(Stored data)
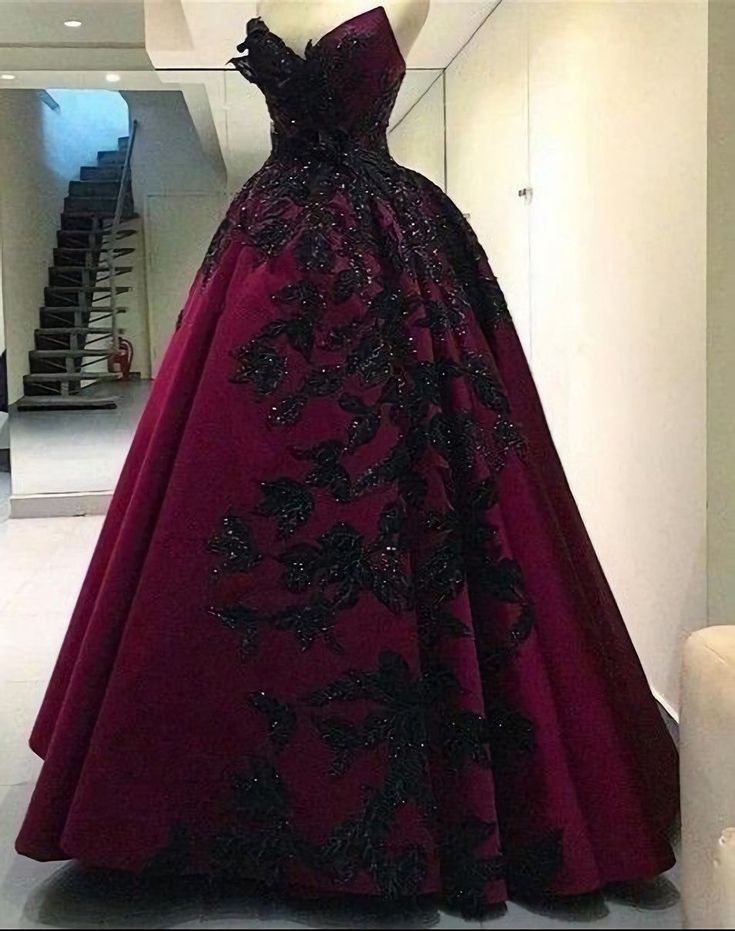 Burgundy Gorgeous Exquisite Floral Applique Long Satin Ball Gown Evening Dress nv3369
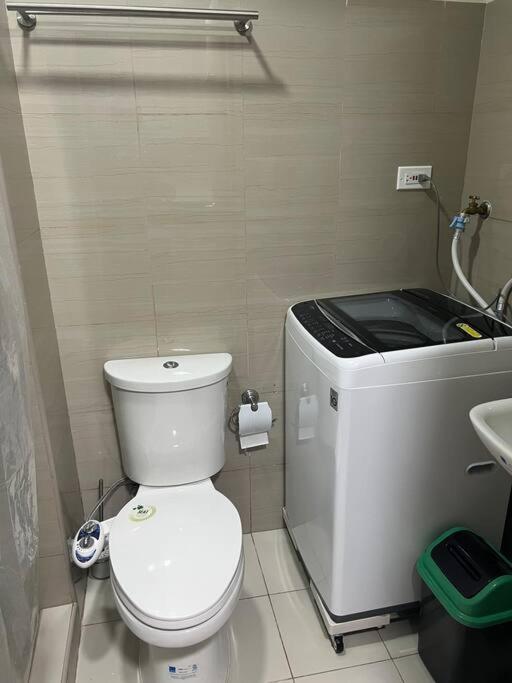 Bellona Near Mall Of W/ Netflix & Pool Apartment *
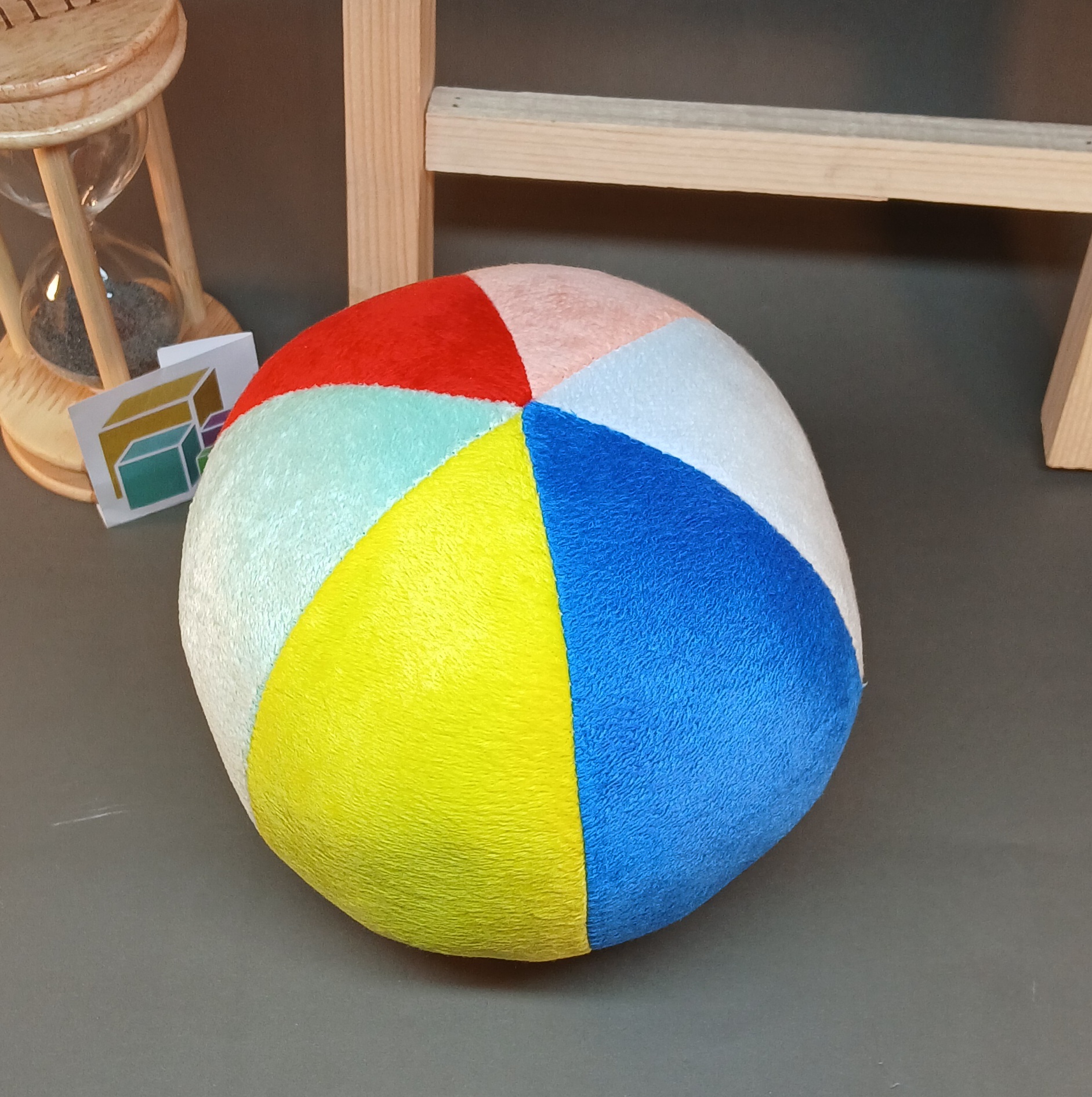 توپ پارچه ای آپارتمانی (قطر ۱۵سانتی متر)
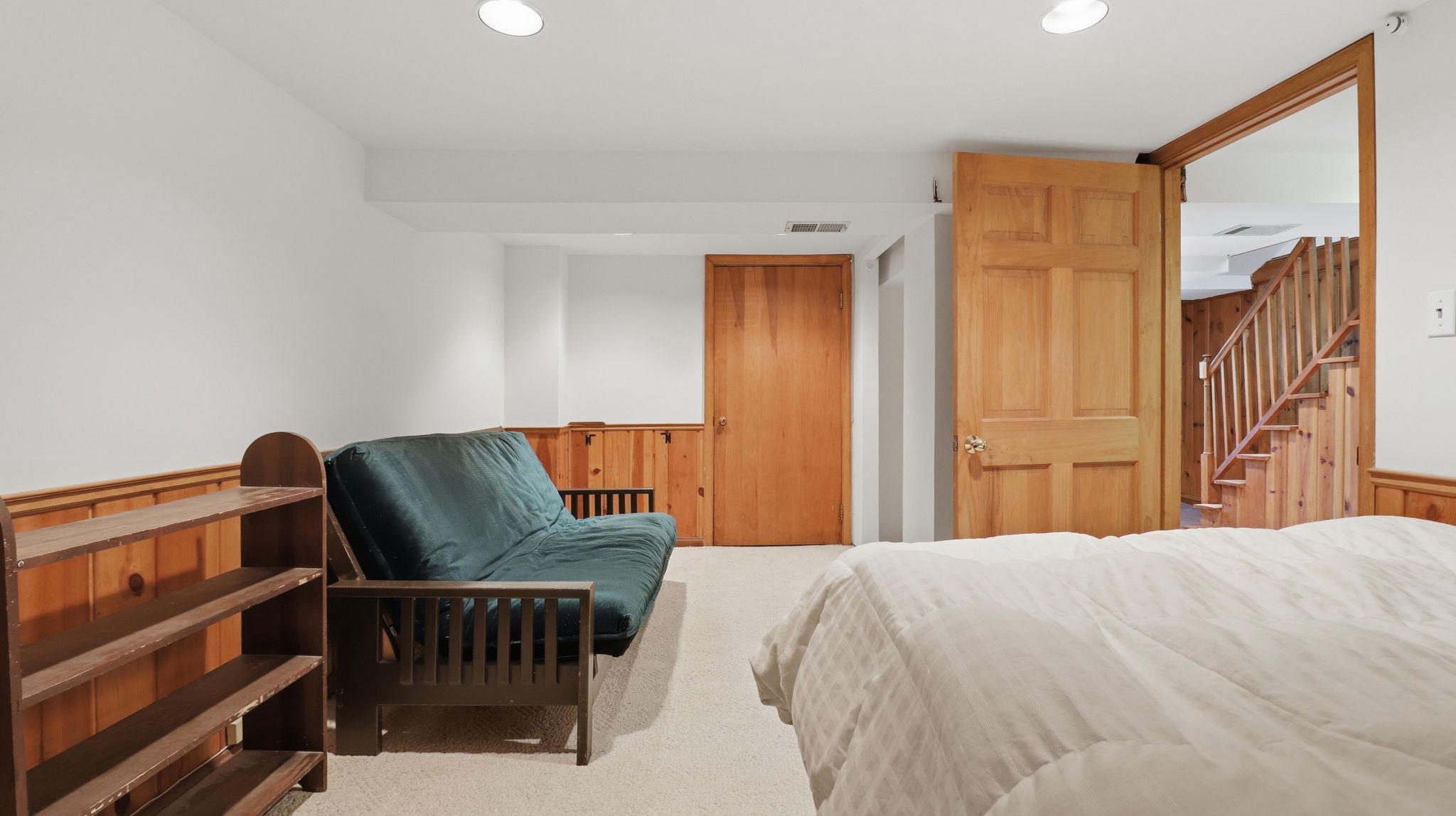 WHEATON HILLS - Residential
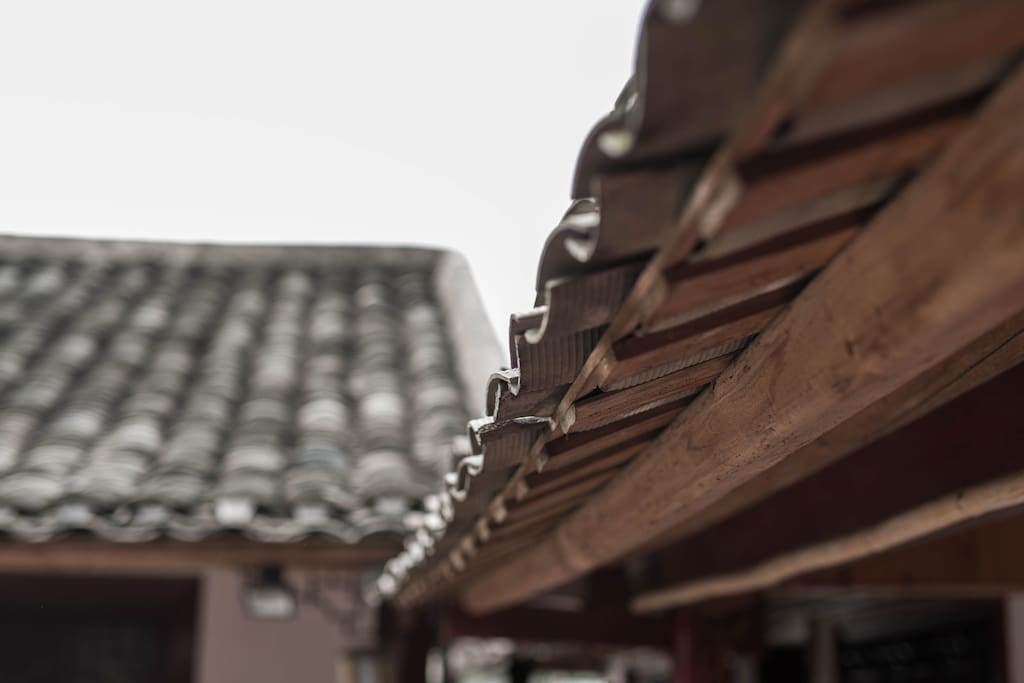 青瓦屋顶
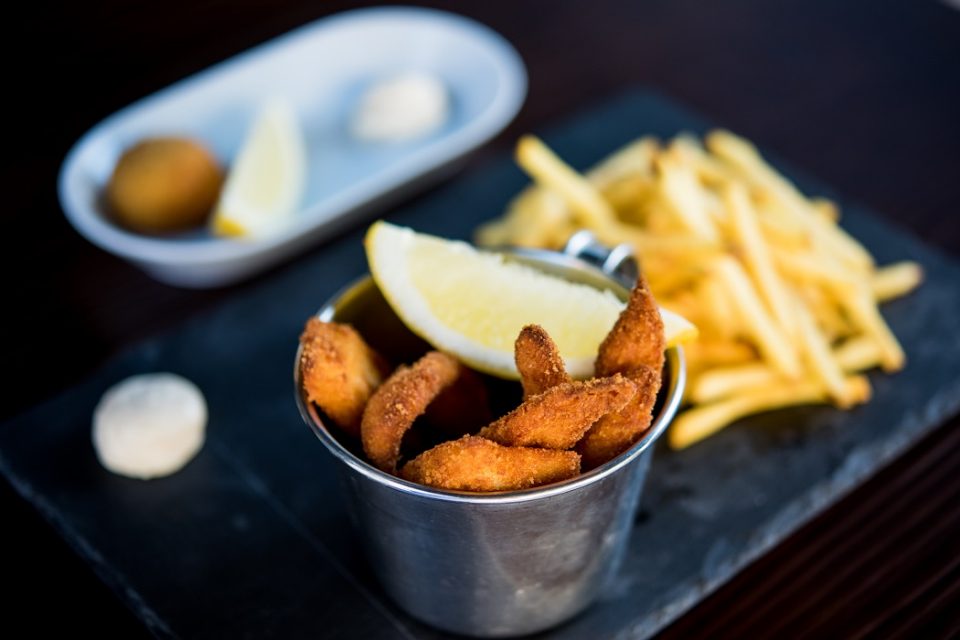 Lisboa ganha uma casa de choco frito onde se petisca até tarde
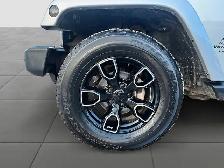 2018 Jeep Wrangler JK Unlimited Sahara Sahara | V6 | Navigati... - Photo 6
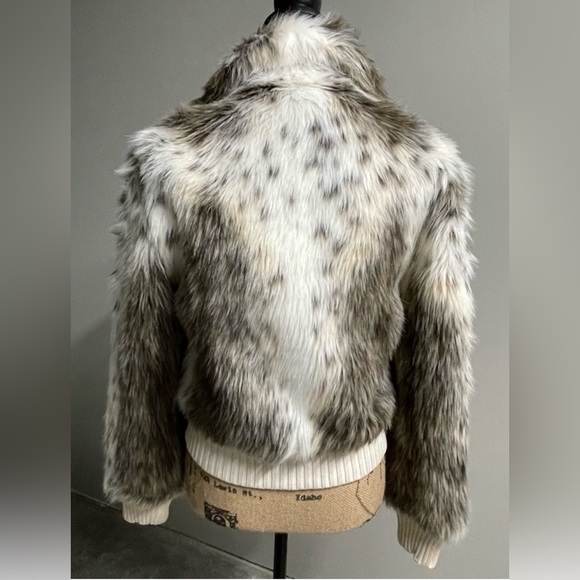 Victoria’s Secret Moda International Y2K Faux Fur Snow Leopard 🐆 Jacket XS - Picture 4 of 5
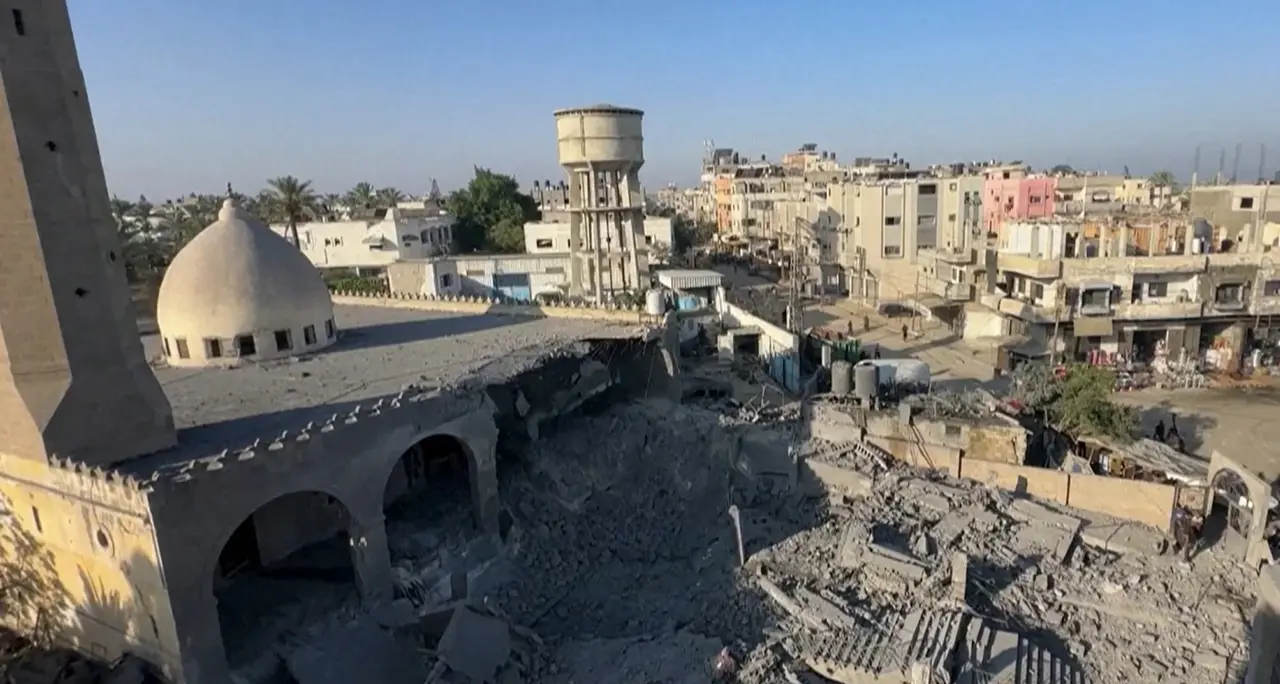 Gaza, ancora giorni di raid israeliani a caccia di uomini di Hamas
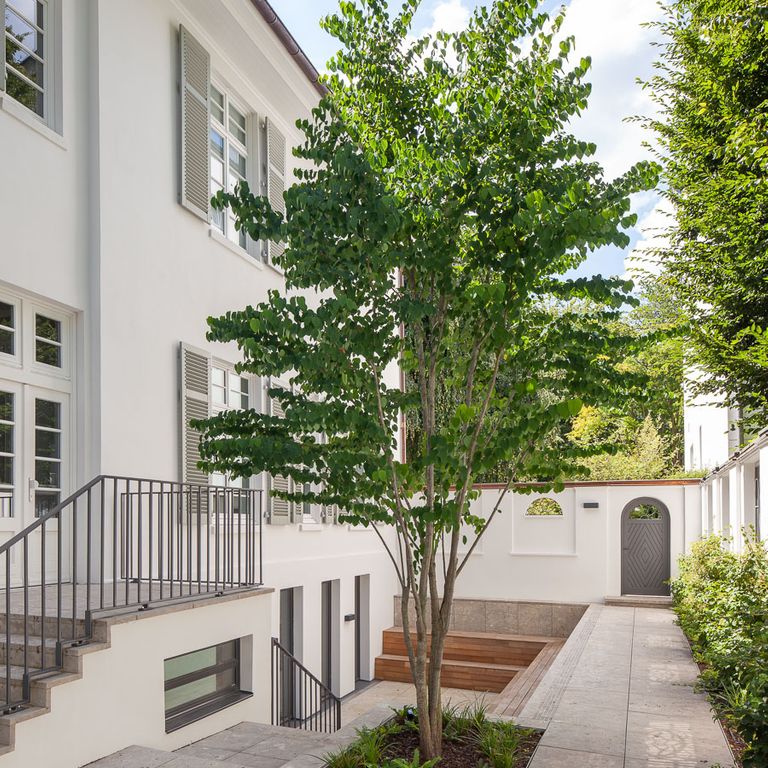 Application image for Bavarian Dolomite Gray Limestone - Steps & Treads. The image shows this product being used in a treads application. The surface finish shown is sand blasted. Dominant colors shown are gray and tan. The color mix creates a warm feeling.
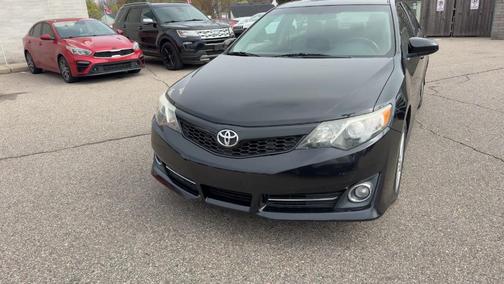 Attitude Black Metallic 2014 Toyota Camry SE
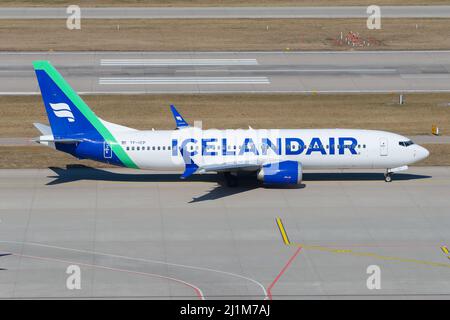 Icelandair Boeing 737 Max Aircraft all'aeroporto di Zurigo. Compagnia aerea islandese con moderno Boeing 737 Jet. Aeroplano dell'aria dell'Islanda nella loro nuova livrea. Foto Stock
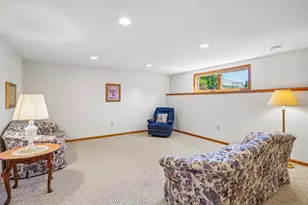 1004 Ganser Dr, Waunakee, WI 53597 - Photo 38
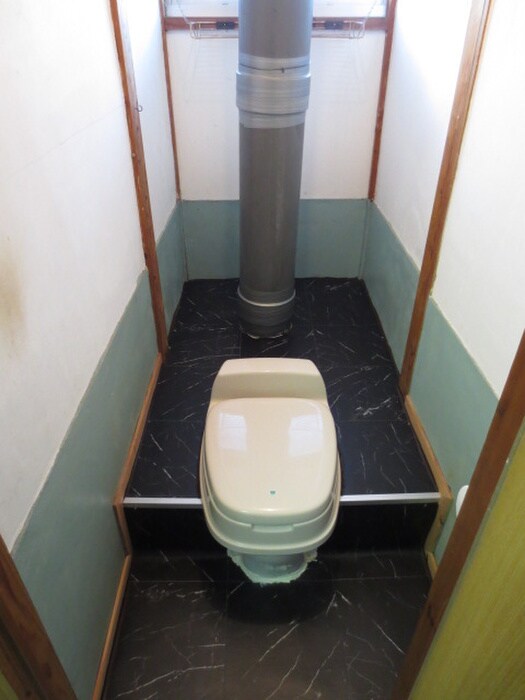 石原アパ－トのトイレ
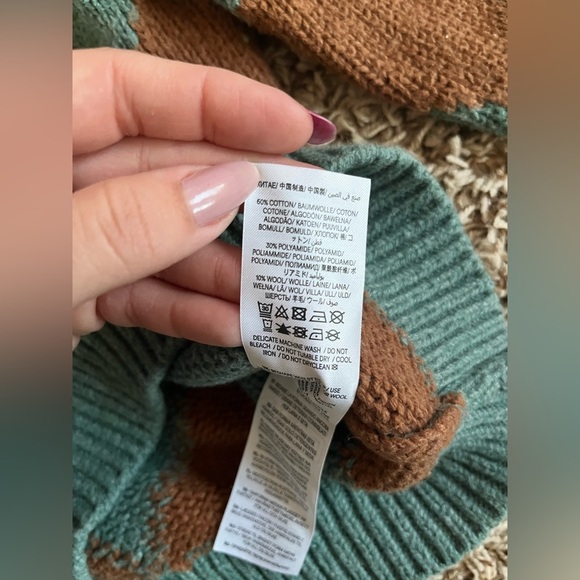 Mini Boden Argyle knit Sweater in teal and brown - Picture 4 of 9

(WORK TO COMPLETE)
Using the records above, output their complete text exactly, minus any images.

(TASK SOLUTION)
 Burgundy Gorgeous Exquisite Floral Applique Long Satin Ball Gown Evening Dress nv3369
 Bellona Near Mall Of W/ Netflix & Pool Apartment *
 توپ پارچه ای آپارتمانی (قطر ۱۵سانتی متر)
 WHEATON HILLS - Residential
 青瓦屋顶
 Lisboa ganha uma casa de choco frito onde se petisca até tarde
 2018 Jeep Wrangler JK Unlimited Sahara Sahara | V6 | Navigati... - Photo 6
 Victoria’s Secret Moda International Y2K Faux Fur Snow Leopard 🐆 Jacket XS - Picture 4 of 5
 Gaza, ancora giorni di raid israeliani a caccia di uomini di Hamas
 Application image for Bavarian Dolomite Gray Limestone - Steps & Treads. The image shows this product being used in a treads application. The surface finish shown is sand blasted. Dominant colors shown are gray and tan. The color mix creates a warm feeling.
 Attitude Black Metallic 2014 Toyota Camry SE
 Icelandair Boeing 737 Max Aircraft all'aeroporto di Zurigo. Compagnia aerea islandese con moderno Boeing 737 Jet. Aeroplano dell'aria dell'Islanda nella loro nuova livrea. Foto Stock
 1004 Ganser Dr, Waunakee, WI 53597 - Photo 38
 石原アパ－トのトイレ
 Mini Boden Argyle knit Sweater in teal and brown - Picture 4 of 9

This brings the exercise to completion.